Yes, it is very hard to be tired all the time. Babies are difficult, but those babies will be grown one day and you can’t just start understanding them once the tough part is over. The bond between mother and child is only deepened when we wade through the muck with them.
Also, if a mother doesn’t teach her own baby how to sleep it’s fruitless. Babies are constantly changing. They get sick, they go through phases where they regress, forget, and test. As soon as one of those phases come along, if the mother hasn’t also learned how “sleep train” (by doing it herself) she’s back to square one. It’s all for naught. The lesson is as valuable for mom as it is for baby.
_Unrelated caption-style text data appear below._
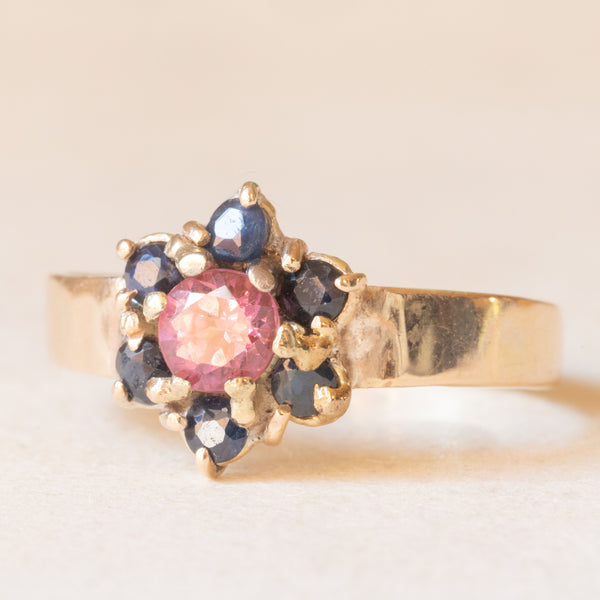 Anello a fiore vintage in oro giallo 9K con tormalina rosa (0.36ct ca.) e zaffiri (0.25ctw ca.)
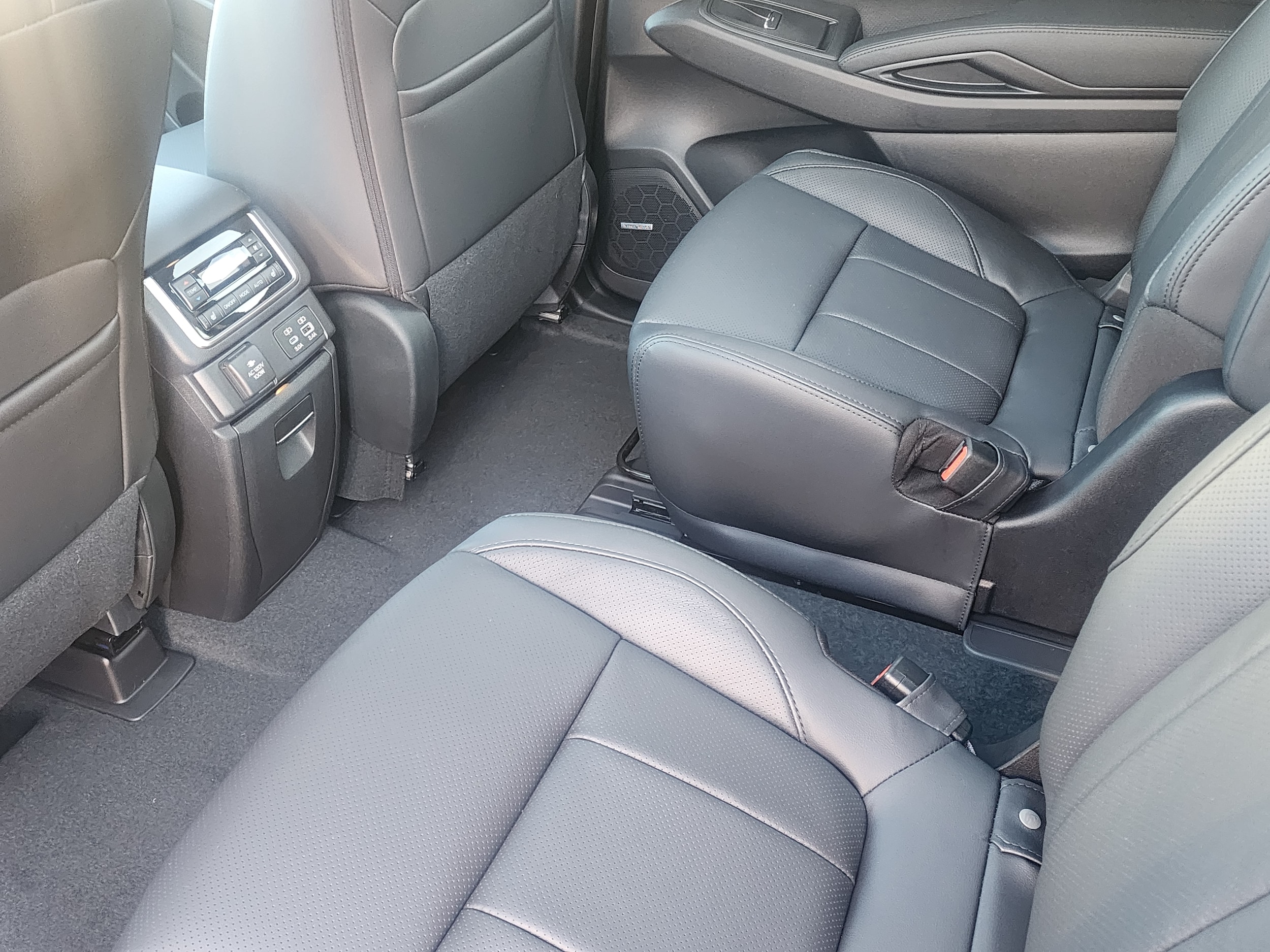 2026 Subaru Ascent Onyx Edition-Touring - Photo 7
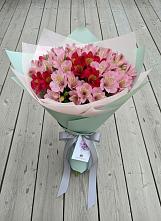Букет цветов из:  Альстромерии в Тим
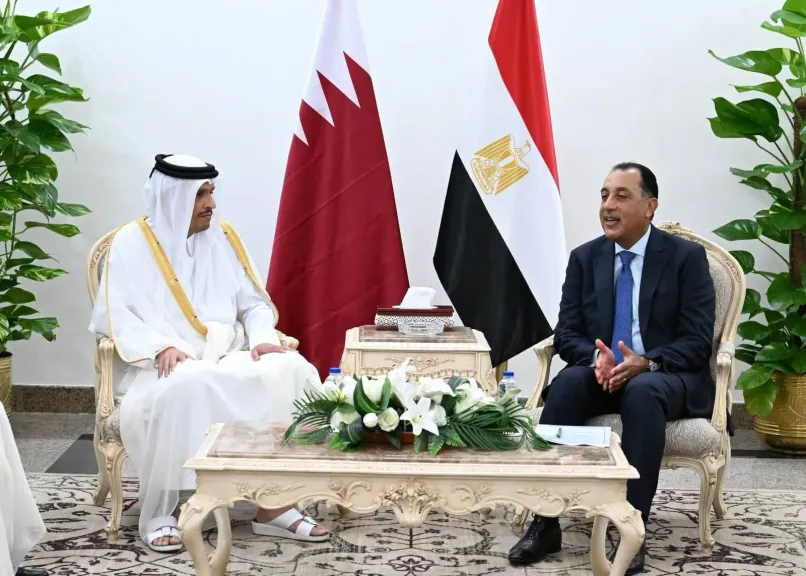 رئيس الوزراء يستقبل نظيره القطري لبحث سبل تعزيز التعاون المشترك في المجالات المختلفة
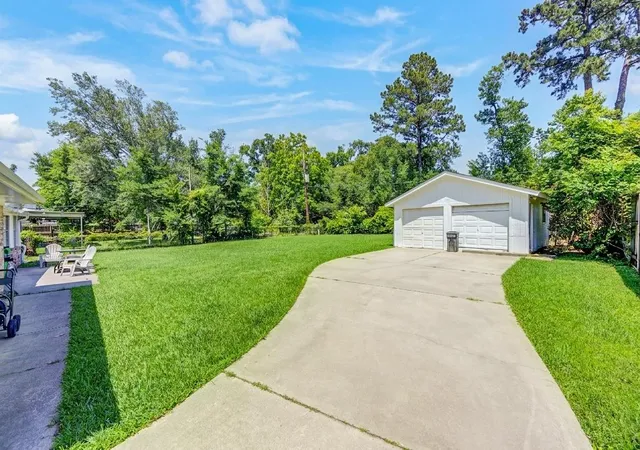 2nd image of 24522 Glen Loch Dr, Spring, TX 77380 | MLS# 54838143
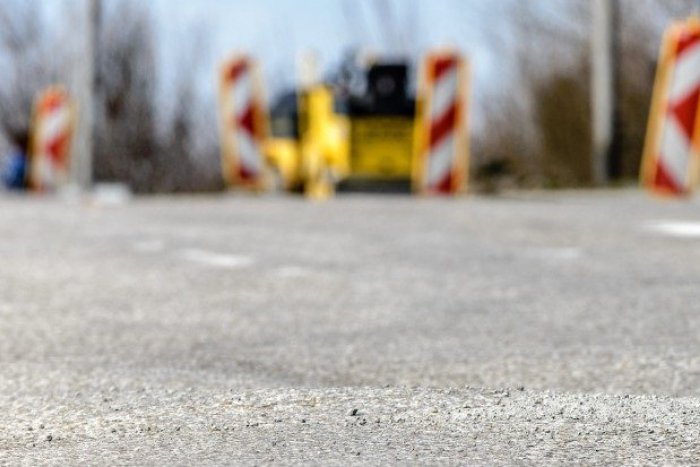 Ilustračný obrázok k článku Na opravu ciest v Bratislave navrhuje kraj využiť svoju firmu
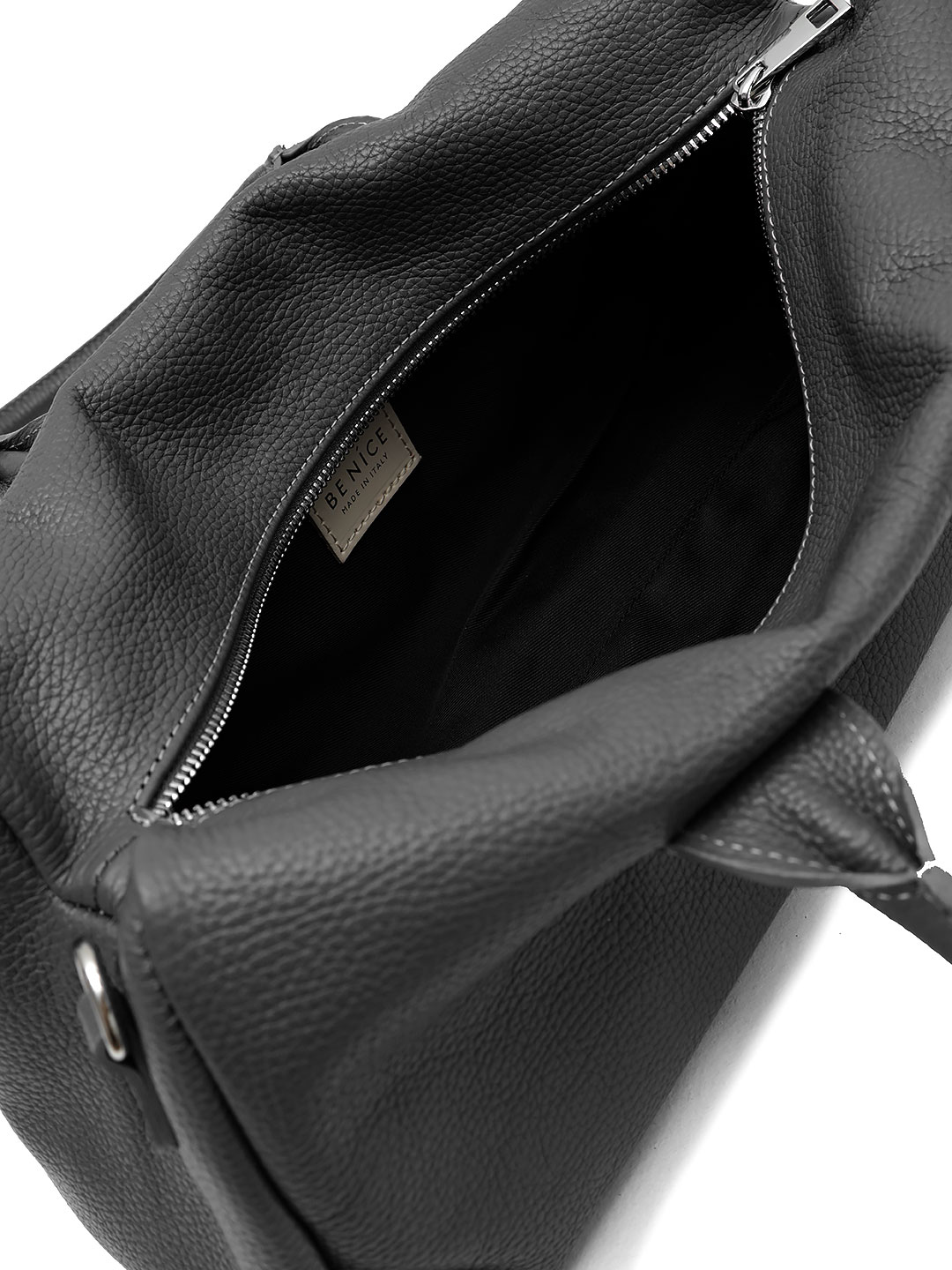 Сумка-такса от бренда BЕ NICE в чёрном цвете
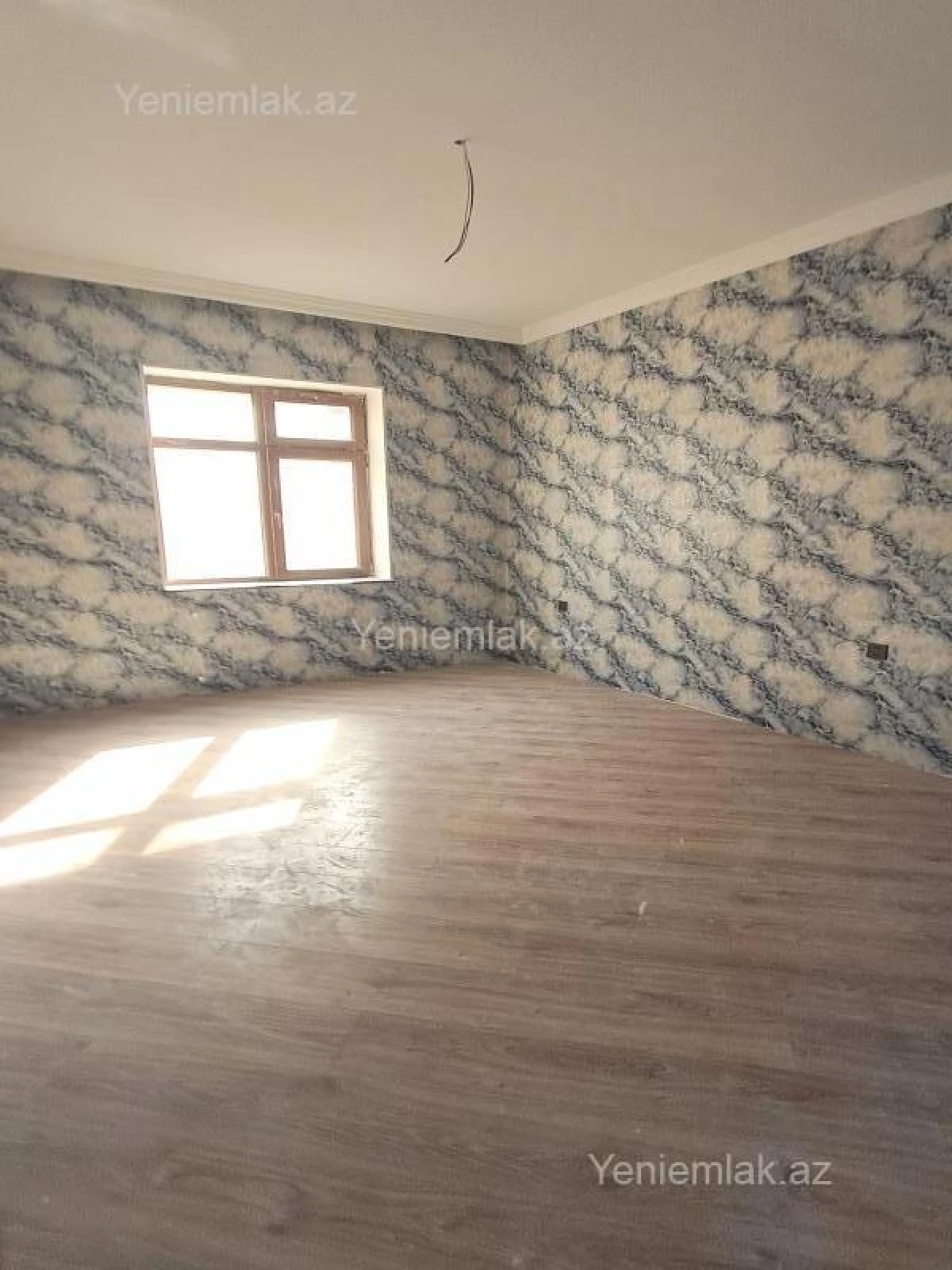 Satılır 6 otaqlı həyət evi 240 m²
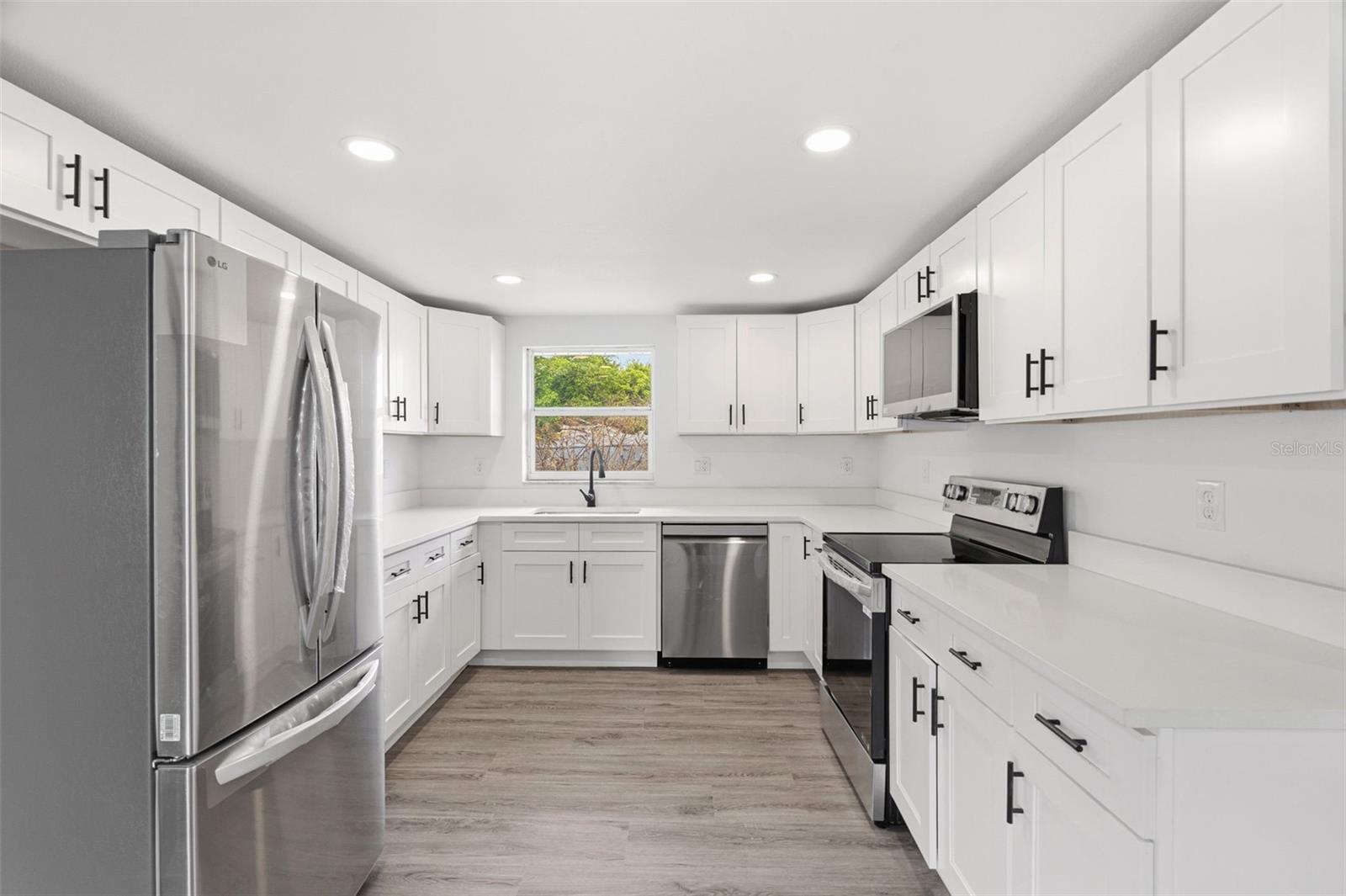 2313 PINEGROVE CIR, PUNTA GORDA, FL, 33982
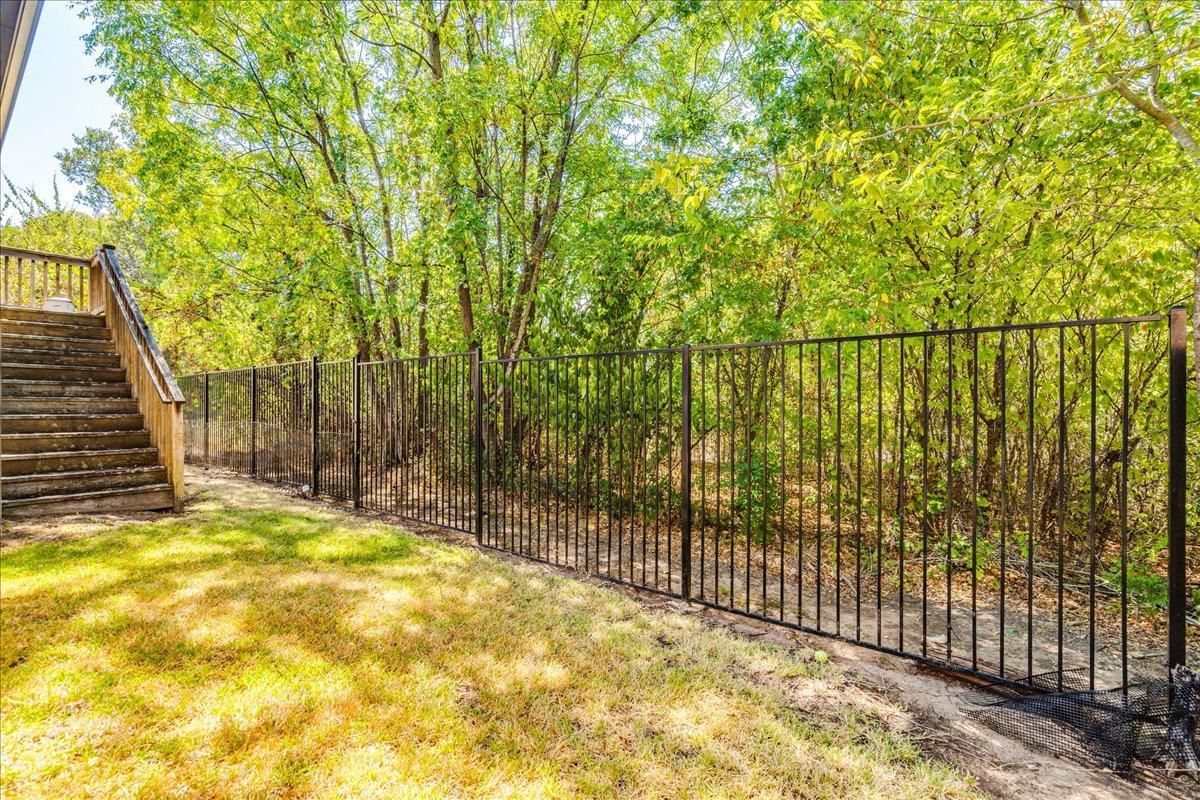 12909 Medina River Way Property Photo 34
Perhaps It’s Time to Rethink Some Things
Perhaps this comes down to the fact that American women don’t really raise their children in communities anymore. There was a time when generations lived in the same house. They handed down their knowledge, they helped when mom was tired, and they supported each other. We have become such an individualistic society that we have almost come to condemn that type of lifestyle. Maybe the fact that middle-class women are willing to pay someone to do what women have done on their own for centuries is a sign that we need to get back to embracing the idea of close families and multi-generational cohabitation.
I’m not saying there aren’t great things about our fascination with individualism, but we could probably use a better balance these days.
We love our children. No one else loves our babies like we do. We work hard to make sure they feel as little discomfort as possible, but in the end it comes down to how much discomfort we as a parent are willing to tolerate in order to do what is right for our children. That woman in Los Angeles who hired a sleep trainer was really saying that she couldn’t endure the discomfort of being the person to make her child sad. I suspect that it will be a theme in her life moving forward.
That, my friends, is how you end up with an entire generation of children who think they should be allowed to miss school because the wrong person won an election.